Für die Strafbarkeit wegen Amtsanmaßung gem. § 132 Var. 2 StGB reicht es aus, dass die Handlung des Täters objektiv als hoheitlich erscheint und deswegen mit einer rechtmäßigen Amtshandlung verwechselt werden kann. Der Annahme einer solchen Verwechslungsgefahr steht nicht entgegen, dass einzelne außenstehende Beobachter erkannt haben, dass es sich nicht um eine Diensthandlung handelte.

In der Strafsache
gegen Z. M. S.,
geboren am xxxxxx 1953 in B./P.,
wohnhaft K., H.
- Verteidiger: Rechtsanwalt R., H. -
wegen Amtsanmaßung
hat der 2. Strafsenat des Oberlandesgerichts Celle nach Anhörung der Generalstaatsanwaltschaft durch den Vorsitzenden Richter am Oberlandesgericht xxxxxx, die Richterin am Oberlandesgericht xxxxxx und den Richter am Oberlandesgericht xxxxxx am 26. September 2013
beschlossen:

Tenor:

Die Revision des Angeklagten gegen das Urteil des Amtsgerichts Hannover - Strafrichterin - vom 3. Januar 2013 wird als unbegründet verworfen (§ 349 Abs. 2 StPO).

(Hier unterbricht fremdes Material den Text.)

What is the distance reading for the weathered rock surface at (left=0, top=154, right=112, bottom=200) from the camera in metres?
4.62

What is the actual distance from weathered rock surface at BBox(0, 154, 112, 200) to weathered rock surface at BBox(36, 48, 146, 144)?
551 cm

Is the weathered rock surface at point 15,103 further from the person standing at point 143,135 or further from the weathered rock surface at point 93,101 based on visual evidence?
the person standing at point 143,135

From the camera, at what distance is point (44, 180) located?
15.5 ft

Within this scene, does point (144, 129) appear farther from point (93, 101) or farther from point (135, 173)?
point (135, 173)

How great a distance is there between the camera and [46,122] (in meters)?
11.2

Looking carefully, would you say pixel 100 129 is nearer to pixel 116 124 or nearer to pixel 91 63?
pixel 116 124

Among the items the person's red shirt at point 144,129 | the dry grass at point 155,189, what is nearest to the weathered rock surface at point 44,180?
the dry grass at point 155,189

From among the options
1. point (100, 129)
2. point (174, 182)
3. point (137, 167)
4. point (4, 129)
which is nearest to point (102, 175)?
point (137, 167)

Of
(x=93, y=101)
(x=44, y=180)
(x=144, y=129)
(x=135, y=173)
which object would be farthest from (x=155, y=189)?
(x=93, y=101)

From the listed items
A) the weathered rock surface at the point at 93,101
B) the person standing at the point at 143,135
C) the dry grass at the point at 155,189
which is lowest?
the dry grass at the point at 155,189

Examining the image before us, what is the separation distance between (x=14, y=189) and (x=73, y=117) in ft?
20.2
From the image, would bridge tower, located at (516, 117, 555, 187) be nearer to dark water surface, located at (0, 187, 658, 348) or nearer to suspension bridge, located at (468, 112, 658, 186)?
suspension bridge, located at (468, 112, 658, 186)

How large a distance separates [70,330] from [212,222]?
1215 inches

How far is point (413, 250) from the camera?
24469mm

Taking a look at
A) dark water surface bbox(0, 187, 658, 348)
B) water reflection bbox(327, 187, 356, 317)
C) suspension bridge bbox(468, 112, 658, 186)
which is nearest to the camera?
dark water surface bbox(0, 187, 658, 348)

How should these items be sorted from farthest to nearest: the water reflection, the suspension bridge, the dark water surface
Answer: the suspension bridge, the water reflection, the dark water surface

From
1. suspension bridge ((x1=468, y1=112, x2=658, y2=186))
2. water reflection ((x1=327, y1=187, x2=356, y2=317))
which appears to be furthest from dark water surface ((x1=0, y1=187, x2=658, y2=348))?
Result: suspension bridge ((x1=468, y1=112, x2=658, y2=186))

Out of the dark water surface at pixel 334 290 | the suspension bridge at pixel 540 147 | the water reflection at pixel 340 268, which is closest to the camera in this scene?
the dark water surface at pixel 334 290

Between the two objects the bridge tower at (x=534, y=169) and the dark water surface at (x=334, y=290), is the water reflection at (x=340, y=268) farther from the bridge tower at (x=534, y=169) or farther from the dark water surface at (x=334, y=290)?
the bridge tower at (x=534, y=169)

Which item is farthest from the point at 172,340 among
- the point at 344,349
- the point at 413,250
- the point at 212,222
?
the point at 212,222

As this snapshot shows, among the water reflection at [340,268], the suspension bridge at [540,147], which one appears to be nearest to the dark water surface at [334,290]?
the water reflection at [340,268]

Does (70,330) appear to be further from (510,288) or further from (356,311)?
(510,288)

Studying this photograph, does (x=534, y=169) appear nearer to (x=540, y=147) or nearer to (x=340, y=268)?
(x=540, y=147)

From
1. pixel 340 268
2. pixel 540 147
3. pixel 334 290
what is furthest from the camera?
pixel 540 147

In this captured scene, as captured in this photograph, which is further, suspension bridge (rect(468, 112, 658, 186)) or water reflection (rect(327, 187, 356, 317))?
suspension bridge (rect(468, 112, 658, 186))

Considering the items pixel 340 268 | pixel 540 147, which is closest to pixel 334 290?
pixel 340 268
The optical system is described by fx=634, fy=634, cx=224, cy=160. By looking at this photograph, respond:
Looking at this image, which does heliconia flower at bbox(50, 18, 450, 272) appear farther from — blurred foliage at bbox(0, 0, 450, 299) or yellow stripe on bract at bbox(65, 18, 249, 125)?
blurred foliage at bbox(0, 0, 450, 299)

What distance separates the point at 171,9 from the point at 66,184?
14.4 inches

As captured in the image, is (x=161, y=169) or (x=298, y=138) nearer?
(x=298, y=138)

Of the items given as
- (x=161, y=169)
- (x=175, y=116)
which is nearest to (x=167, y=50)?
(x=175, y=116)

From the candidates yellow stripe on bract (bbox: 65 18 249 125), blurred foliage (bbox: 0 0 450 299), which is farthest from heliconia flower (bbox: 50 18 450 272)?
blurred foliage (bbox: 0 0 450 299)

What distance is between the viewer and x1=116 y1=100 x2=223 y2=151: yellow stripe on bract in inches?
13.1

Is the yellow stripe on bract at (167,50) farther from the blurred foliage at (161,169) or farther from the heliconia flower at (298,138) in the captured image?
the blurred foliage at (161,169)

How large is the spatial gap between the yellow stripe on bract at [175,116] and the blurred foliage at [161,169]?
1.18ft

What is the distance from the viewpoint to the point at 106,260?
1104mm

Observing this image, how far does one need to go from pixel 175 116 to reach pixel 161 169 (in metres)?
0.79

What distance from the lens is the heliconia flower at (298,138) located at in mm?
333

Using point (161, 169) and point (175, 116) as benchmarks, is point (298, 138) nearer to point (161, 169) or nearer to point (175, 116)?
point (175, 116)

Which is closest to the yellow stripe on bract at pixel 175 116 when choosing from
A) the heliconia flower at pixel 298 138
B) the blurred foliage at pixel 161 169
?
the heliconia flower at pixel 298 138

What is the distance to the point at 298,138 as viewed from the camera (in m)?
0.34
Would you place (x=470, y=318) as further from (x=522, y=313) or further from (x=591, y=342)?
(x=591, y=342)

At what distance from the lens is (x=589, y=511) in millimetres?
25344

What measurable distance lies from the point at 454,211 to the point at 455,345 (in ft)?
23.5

Der Angeklagte hat die Kosten des Revisionsverfahrens zu tragen.

Gründe

I.

Das Amtsgericht Hannover verurteilte den Angeklagten wegen Amtsanmaßung zu einer Geldstrafe von 30 Tagessätzen zu je 10 Euro.

Nach den Feststellungen des Amtsgerichts ist der verheiratete Angeklagte, der zwei Kinder im Alter von 17 und 19 Jahren hat, bislang unbestraft. Er ist zu 50% schwerbehindert und bestreitet seinen Lebensunterhalt durch sozialrechtliche Grundsicherung.

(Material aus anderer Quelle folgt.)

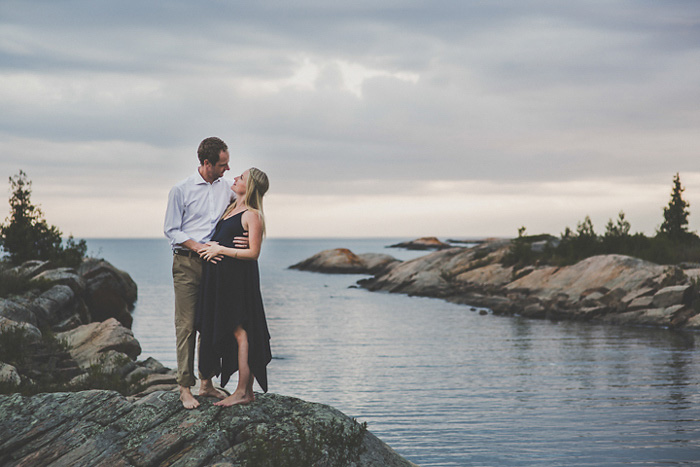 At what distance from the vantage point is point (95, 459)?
23.5 ft

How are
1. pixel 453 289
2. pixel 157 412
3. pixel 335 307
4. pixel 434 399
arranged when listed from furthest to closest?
pixel 453 289
pixel 335 307
pixel 434 399
pixel 157 412

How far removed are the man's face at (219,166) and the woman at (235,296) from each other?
0.25m

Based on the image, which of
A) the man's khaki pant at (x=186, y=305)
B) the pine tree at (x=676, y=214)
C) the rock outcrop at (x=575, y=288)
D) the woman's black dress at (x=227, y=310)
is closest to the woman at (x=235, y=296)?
the woman's black dress at (x=227, y=310)

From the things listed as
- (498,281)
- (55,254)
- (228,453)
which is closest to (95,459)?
(228,453)

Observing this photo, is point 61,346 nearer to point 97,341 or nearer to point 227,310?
point 97,341

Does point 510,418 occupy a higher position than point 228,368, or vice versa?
point 228,368

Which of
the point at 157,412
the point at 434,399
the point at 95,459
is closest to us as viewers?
the point at 95,459

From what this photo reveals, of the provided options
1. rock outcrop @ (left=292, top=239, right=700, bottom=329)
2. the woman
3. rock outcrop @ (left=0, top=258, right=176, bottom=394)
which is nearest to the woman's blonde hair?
the woman

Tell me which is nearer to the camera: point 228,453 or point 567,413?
point 228,453

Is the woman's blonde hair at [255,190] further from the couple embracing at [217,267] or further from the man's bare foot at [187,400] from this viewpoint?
the man's bare foot at [187,400]

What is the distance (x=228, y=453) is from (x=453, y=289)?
156 feet

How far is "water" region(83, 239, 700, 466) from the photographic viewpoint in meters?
14.1

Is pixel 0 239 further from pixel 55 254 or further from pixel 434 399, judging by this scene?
pixel 434 399

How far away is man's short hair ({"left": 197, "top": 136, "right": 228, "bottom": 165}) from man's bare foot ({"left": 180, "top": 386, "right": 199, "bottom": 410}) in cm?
269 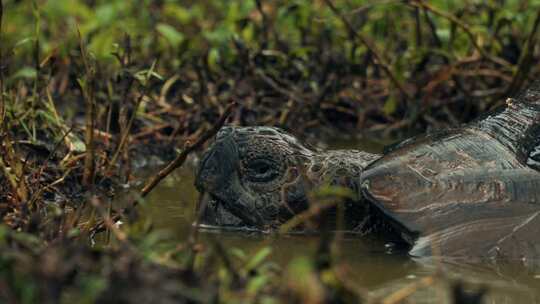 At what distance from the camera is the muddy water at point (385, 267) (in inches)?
127

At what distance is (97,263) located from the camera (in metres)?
2.47

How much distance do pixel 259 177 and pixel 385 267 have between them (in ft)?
2.83

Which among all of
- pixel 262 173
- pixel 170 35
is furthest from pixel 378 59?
pixel 262 173

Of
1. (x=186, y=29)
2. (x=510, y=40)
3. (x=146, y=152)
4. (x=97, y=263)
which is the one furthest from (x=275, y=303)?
(x=186, y=29)

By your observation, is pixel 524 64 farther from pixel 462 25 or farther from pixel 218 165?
pixel 218 165

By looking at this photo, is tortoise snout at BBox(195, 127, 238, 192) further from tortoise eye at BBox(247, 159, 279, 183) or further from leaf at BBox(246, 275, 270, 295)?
leaf at BBox(246, 275, 270, 295)

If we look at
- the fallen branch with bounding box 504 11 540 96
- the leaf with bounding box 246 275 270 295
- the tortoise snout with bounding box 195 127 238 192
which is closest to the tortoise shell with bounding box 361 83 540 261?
the tortoise snout with bounding box 195 127 238 192

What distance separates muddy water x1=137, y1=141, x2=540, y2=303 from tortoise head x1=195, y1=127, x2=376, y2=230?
0.40ft

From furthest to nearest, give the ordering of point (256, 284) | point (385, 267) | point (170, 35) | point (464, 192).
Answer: point (170, 35) < point (464, 192) < point (385, 267) < point (256, 284)

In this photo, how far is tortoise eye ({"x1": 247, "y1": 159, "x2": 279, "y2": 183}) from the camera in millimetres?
4332

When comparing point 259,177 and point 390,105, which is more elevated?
point 390,105

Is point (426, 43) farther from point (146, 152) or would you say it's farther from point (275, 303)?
point (275, 303)

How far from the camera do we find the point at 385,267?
364 cm

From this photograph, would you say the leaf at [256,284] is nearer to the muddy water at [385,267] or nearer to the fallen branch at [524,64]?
the muddy water at [385,267]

Zur Sache stellte das Amtsgericht fest, dass der Angeklagte am 12. Dezember 2011 mit einem silberfarben lackierten Pkw der Marke Daimler-Benz, an dessen Fahrzeugseite jeweils blaue Streifen angebracht waren, die W.straße in H. befuhr. Bei der Fahrt benutzte er mehrfach ein Blaulicht, das im Fahrzeuginneren an einer Halterung auf dem Armaturenbrett angebracht war, und täuschte so vor, ein Polizeibeamter im Einsatz zu sein, um andere Verkehrsteilnehmer zum Abstand zu mahnen und abzuschrecken. Aufgrund der Lackierung des Fahrzeugs und des Einsatzes des Blaulichts war das Verhalten des Angeklagten objektiv geeignet, den Eindruck der Verwendung eines Dienstfahrzeugs zu erwecken.

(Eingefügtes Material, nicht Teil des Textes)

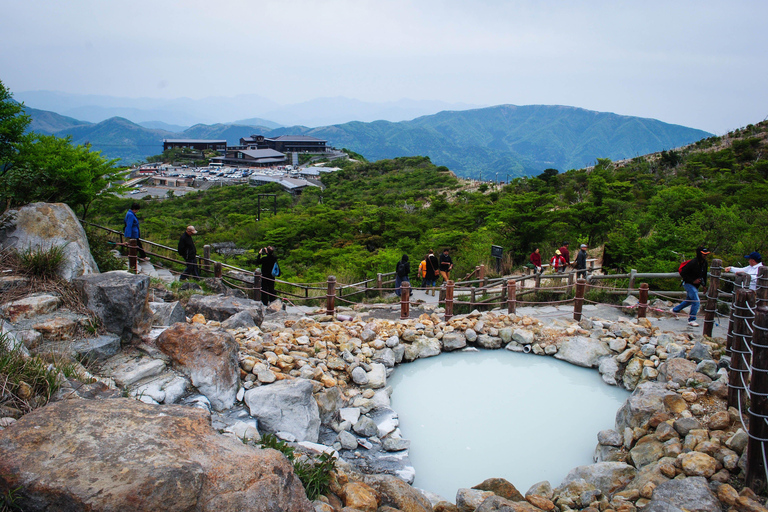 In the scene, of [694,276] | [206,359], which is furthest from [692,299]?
[206,359]

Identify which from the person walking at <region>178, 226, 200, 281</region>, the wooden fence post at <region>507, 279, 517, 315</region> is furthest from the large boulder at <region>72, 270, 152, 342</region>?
the wooden fence post at <region>507, 279, 517, 315</region>

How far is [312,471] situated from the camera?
12.9 feet

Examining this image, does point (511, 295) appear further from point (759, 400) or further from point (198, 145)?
point (198, 145)

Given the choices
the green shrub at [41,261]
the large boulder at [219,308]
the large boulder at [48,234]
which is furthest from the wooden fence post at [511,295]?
the green shrub at [41,261]

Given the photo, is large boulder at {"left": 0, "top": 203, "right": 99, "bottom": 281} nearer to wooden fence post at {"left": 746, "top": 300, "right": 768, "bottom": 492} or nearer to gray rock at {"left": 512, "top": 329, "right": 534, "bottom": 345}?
gray rock at {"left": 512, "top": 329, "right": 534, "bottom": 345}

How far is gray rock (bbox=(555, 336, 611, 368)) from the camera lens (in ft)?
24.6

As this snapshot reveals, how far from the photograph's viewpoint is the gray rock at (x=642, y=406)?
5.43 m

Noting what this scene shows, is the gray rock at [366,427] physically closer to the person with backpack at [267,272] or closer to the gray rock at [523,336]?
the gray rock at [523,336]

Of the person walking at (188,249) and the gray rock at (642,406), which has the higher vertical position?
the person walking at (188,249)

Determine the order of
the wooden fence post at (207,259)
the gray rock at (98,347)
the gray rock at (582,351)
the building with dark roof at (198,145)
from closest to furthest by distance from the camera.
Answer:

Gegen das Urteil wendet sich der Angeklagte mit der Revision, mit der er dieVerletzung sachlichen Rechts rügt.

Die Generalstaatsanwaltschaft hat beantragt,

die Revision zu verwerfen.

II.

Das zulässige Rechtsmittel hat in der Sache keinen Erfolg und war auf Antrag der Generalstaatsanwaltschaft als unbegründet durch Beschluss gem. § 349 Abs. 2 StPO zu verwerfen.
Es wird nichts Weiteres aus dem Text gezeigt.